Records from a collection
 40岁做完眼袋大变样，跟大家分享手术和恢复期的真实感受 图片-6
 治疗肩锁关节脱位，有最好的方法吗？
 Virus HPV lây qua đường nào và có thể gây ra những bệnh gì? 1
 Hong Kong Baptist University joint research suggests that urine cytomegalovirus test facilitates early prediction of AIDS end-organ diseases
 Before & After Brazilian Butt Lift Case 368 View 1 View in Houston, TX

---

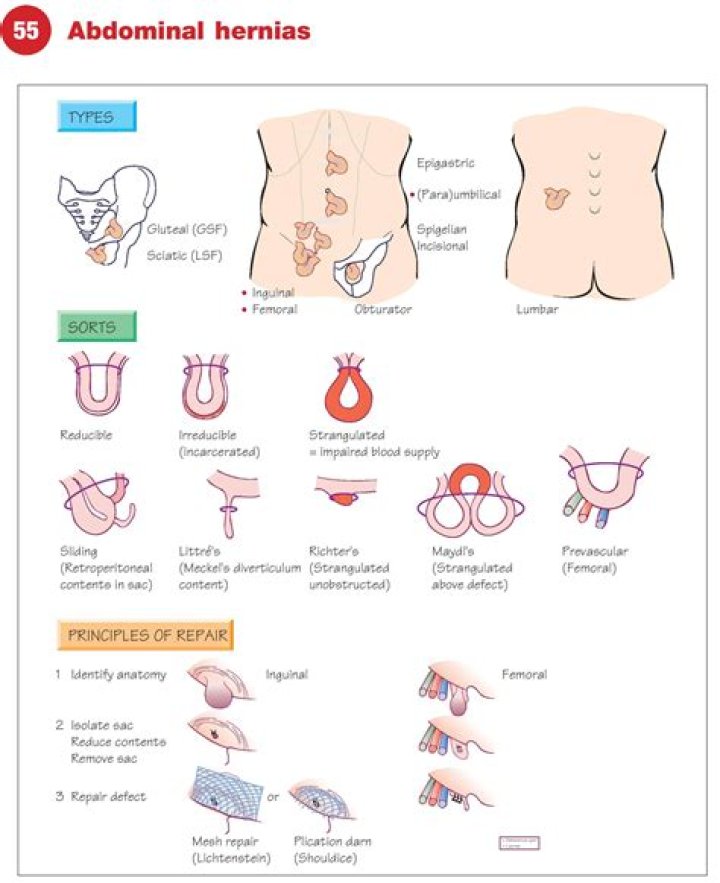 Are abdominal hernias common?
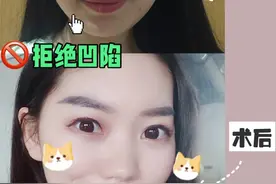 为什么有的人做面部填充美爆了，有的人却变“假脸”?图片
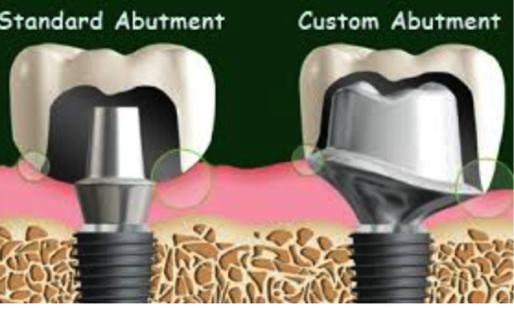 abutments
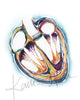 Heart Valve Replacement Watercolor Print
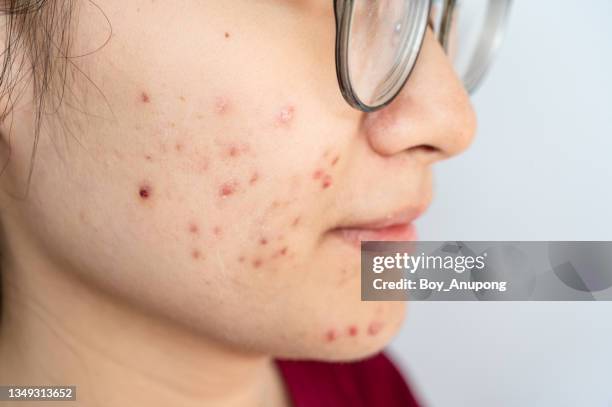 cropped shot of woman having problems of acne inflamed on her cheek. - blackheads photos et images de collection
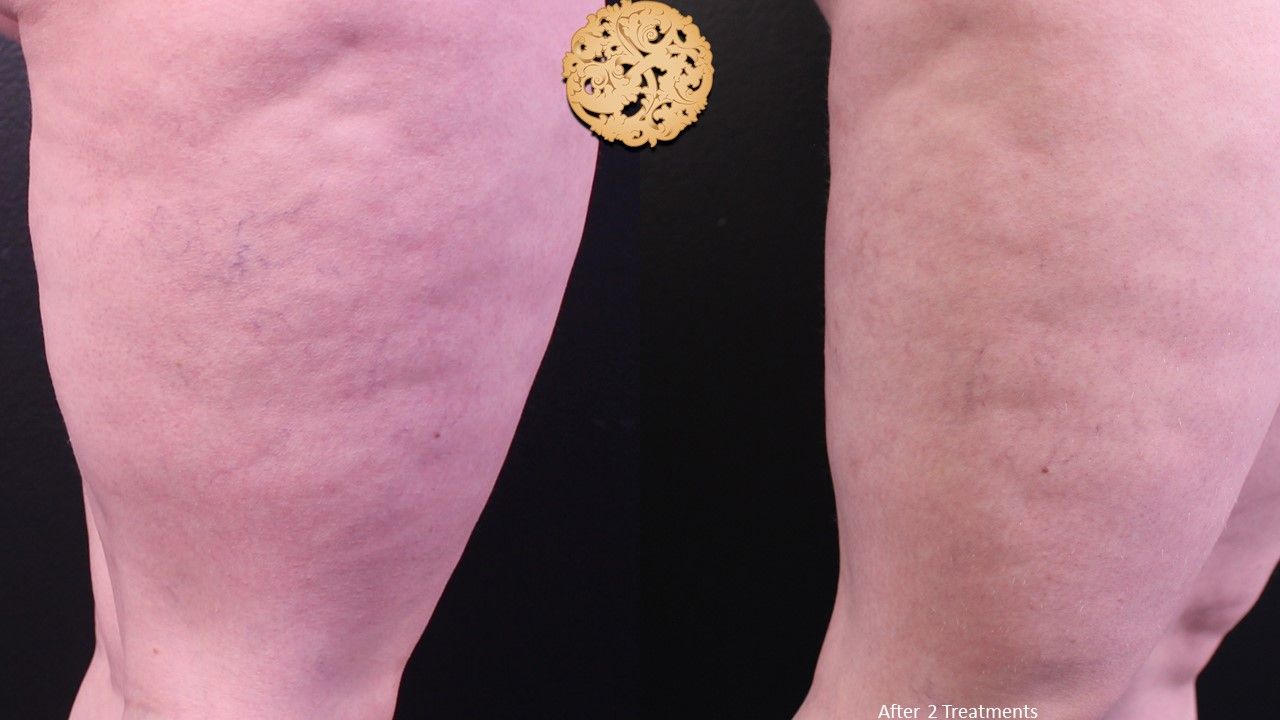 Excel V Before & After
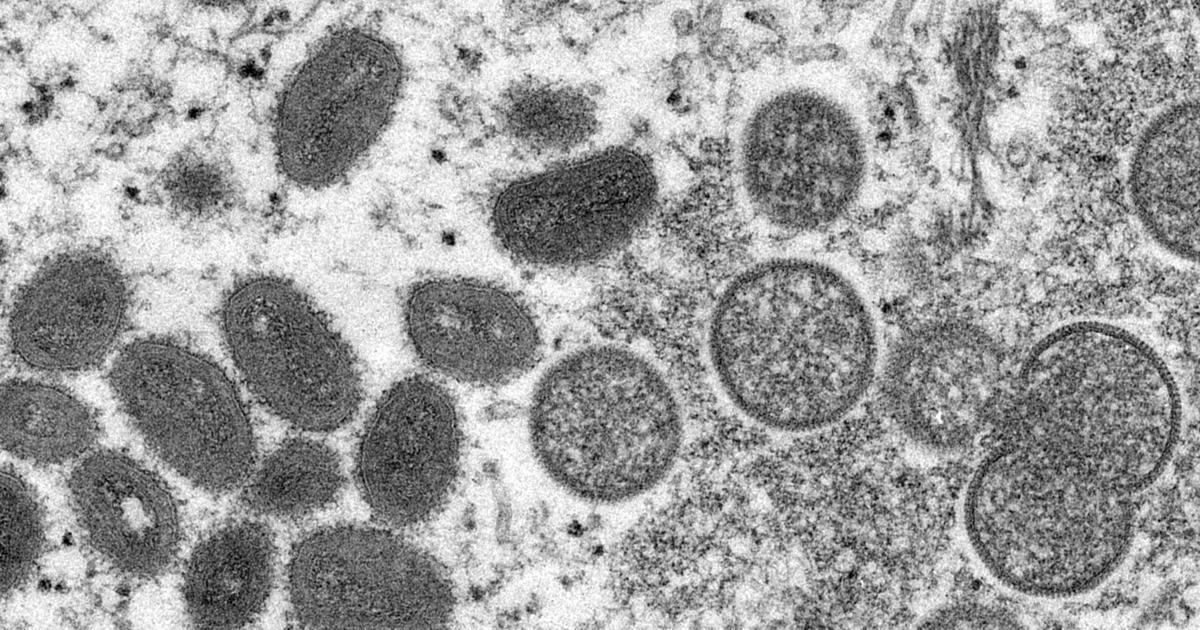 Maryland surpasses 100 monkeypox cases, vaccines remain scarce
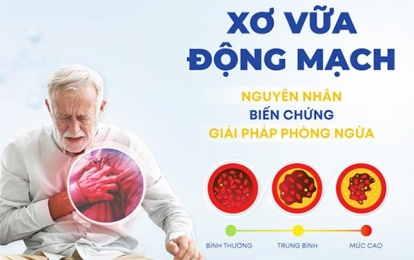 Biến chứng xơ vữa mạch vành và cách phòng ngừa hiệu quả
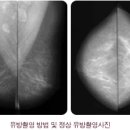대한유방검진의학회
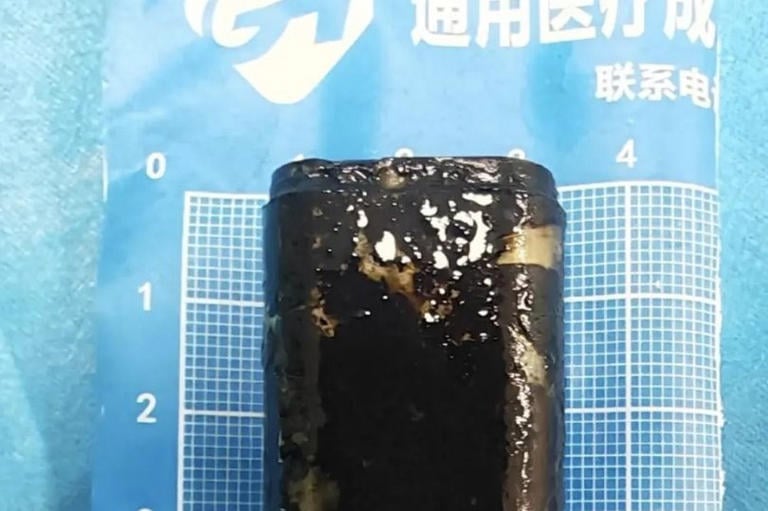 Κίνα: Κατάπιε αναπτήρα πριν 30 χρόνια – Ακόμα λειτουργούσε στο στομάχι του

BRIEF =
Your answer should be the lines above from the one containing "40岁做完眼袋大变样，跟大家分享手术和恢复期的真实感受 图片-6" through the one containing "Before & After Brazilian", copied exactly and with both ends kept.

ANSWER SECTION =
 40岁做完眼袋大变样，跟大家分享手术和恢复期的真实感受 图片-6
 治疗肩锁关节脱位，有最好的方法吗？
 Virus HPV lây qua đường nào và có thể gây ra những bệnh gì? 1
 Hong Kong Baptist University joint research suggests that urine cytomegalovirus test facilitates early prediction of AIDS end-organ diseases
 Before & After Brazilian Butt Lift Case 368 View 1 View in Houston, TX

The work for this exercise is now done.